When a movie is relatively successful, people will do anything to squeeze that extra buck out of it. We have seen sequels, equally unwanted trilogies, creepy dolls and possibly even a book series with the movie poster thrown on the cover. However, one that is hard to ignore is unsuccessful television series based on popular films. Most recently, Matt Damon and Emily Blunts forbidden romance from The Adjustment Bureau is being made into a TV series for Syfy while it's barely been put onto the shelves. Usually when I turn onto Syfy, I either see Battlestar Galactica reruns or original movies where badly animated alligators eat models tanning on the beach. For such a popular movie, I am surprised that they are taking the remake this route and not going for a network station.
This brings up other bad TV spinoffs, usually not even making it past the first season before it gets cancelled. My favorite that I found was one I hadn't heard of before, a spinoff of Ferris Buellers Day off that ran for one season in 1990. They completely break the fourth wall when they introduce Charlie Schlatter as an annoyed Ferris Bueller complaining about the movie based on his life. He even goes so far as to take a chainsaw to a cardboard cutout of Matthew Broderick (below).
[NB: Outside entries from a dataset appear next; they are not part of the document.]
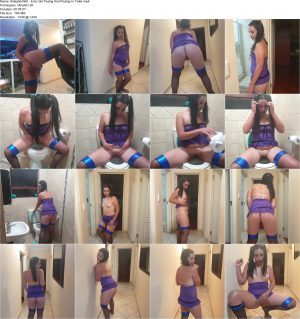 Kinkybitch69 - Emo Girl Posing And Pissing In Toilet.ScrinList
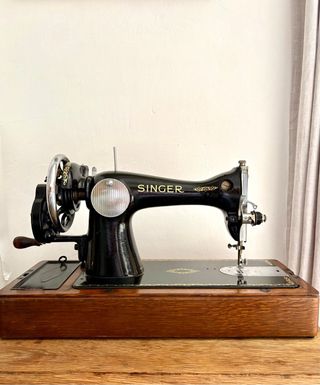 Máquina de coser Singer 15K LISTA PARA COSER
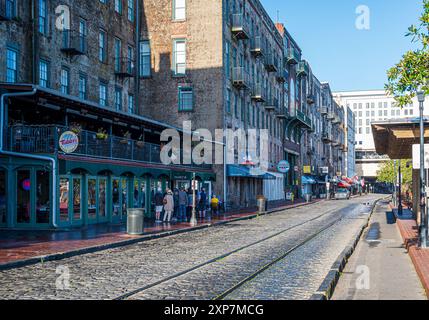 Restaurants und Geschäfte entlang der historischen River Street in Savannah GA USA Stockfoto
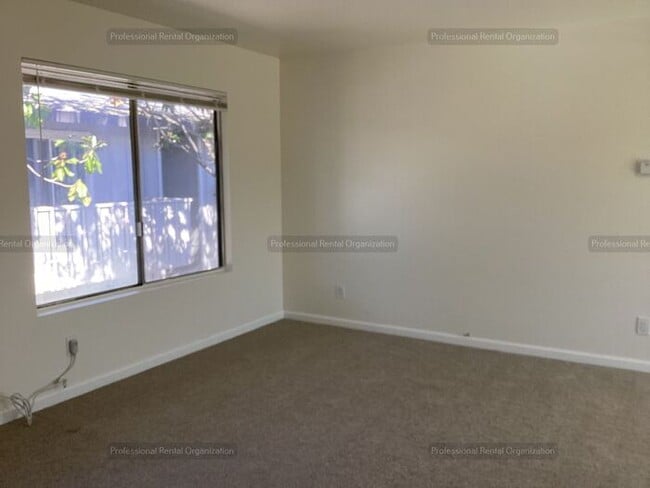 Photo - Upper level 1 bedroom newly remodel walking distance to downtown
Other notably short lived series would be Fast Times based on the famous Fast Times at Ridgemont High (although it did stem Patrick Dempseys career) and the 1976 Delta House based on the cult classic, Animal House. Without the raunchy humor, drug references and foul language that made the movie so popular, the small screen version that was fit for TV audiences did not last long (it also didn't help that they rewrote Belushi's character and introduced his younger brother, Blotto). It is usually the recasting that dooms these series to their single season, as well as the fact that movies are made to follow that one story line and are resolved for the audience's sake at the end of the movie, the series tend to drag them out. I have talked about how the content varies from British to American screens, but the same goes for movies and television. Without the safety of a rating to back up more adult themes, television shows are handicapped by their time slots and broadcast channels. Reasons that shows fail is because they can't show what they want at 8 PM on a saturday when the kids might still be up.